Andrew Winston onstage at SB '14 San Diego on Tuesday | Image credit: Randy Tunnell/SB

The second day of SB '14 San Diego kicked off with a morning full of inspirational plenary presentations examining how we can reimagine business to become a positive global force.

Gil Friend, Chief Sustainability Officer at City of Palo Alto, gave the opening remarks, reminding attendees of how the US transformed itself during the Second World War to respond to problems that would not wait. Friend suggested that the several social and environmental issues currently afflicting our planet represent a call to action to transform our economy just like our forebears did.
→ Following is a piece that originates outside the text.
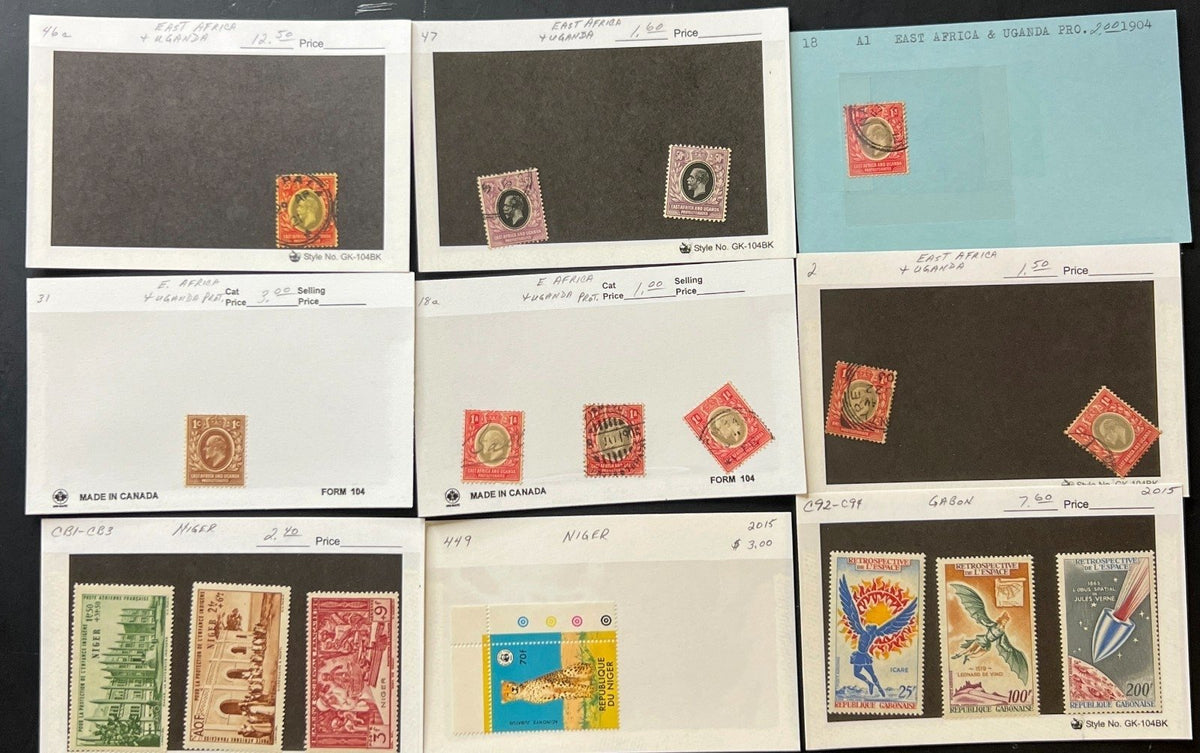 Africa Countries Stamp Collection On Thousands of Dealer Cards Mint & Used ZAYIX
Rich Fernandez from the Search Inside Yourself Leadership Institute asked the audience to close their eyes and imagine their ideal world. “Live and work as if your vision is being accomplished with your every action,” he said.
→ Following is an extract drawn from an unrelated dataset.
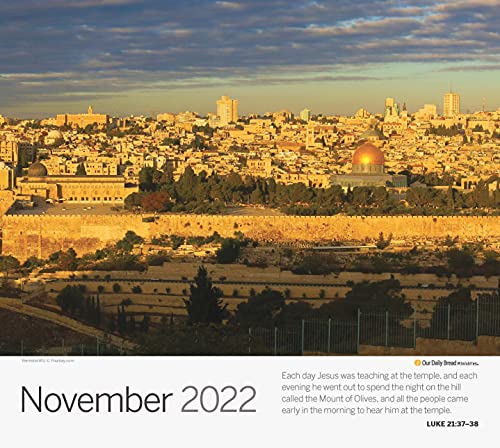 Lands of the Bible Today 2022 Calendar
For the first plenary, Andrew Winston, author of The Big Pivot, discussed some of the major issues that we will need to address moving into the future. Some of these include: demographic and social change, shift of economic power to the east, rapid urbanization, climate change and resource scarcity, and technological breakthroughs. If we don’t tackle these issues, nothing else matters. The rise of big data also is transforming the lives of everyone on the planet as it creates a truly connected and open world.
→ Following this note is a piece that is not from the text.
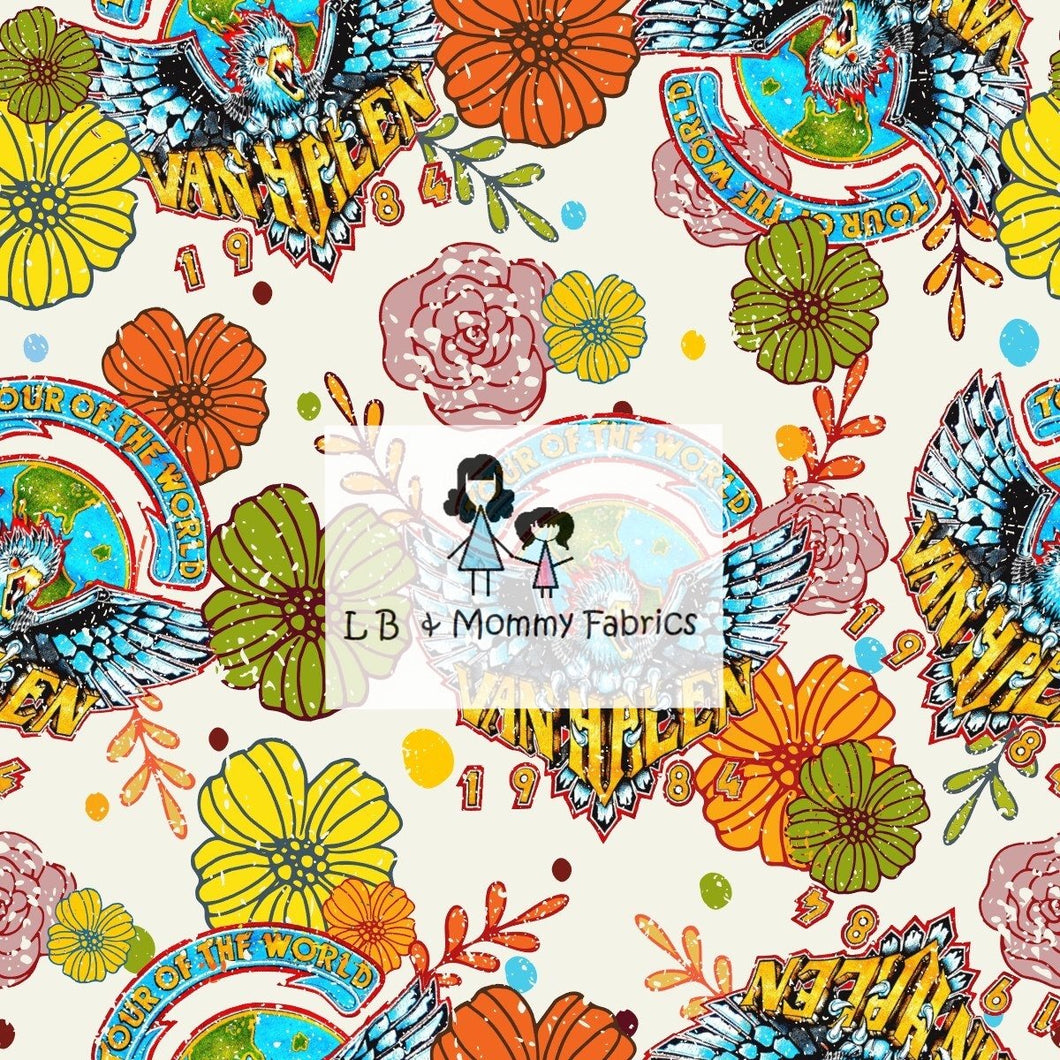 BLANKET-Floral Bands: Van Halen (SWT)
Our current system, however, is too fragile to endure the test of time, especially as climate change-related weather disasters increase in frequency. Winston cited the devastation of Hurricane Katrina on New York City’s power grid as a prime example of how flimsy our power grids are.

To create a sustainable future, Winston offers three primary pivots:

  1. Vision Pivot — Set science-based goals, fight short-termism, pursue heretical innovation
  2. Partner Pivot — Get customers to care, collaborate radically, become a lobbyist
  3. Valuation Pivot — Change incentives and engage

Sometimes it’s hard for us to “sell” sustainability because we don’t have all the hard numbers, Winston said. However, on a sinking ship would we wait to act until we “had all the numbers?” Companies such as Tesla and CVS are showing the bold sustainability actions can be taken even when it doesn’t immediately make business sense. For example, CVS cut out the sale of tobacco, which typically earned the company $2 billion a year.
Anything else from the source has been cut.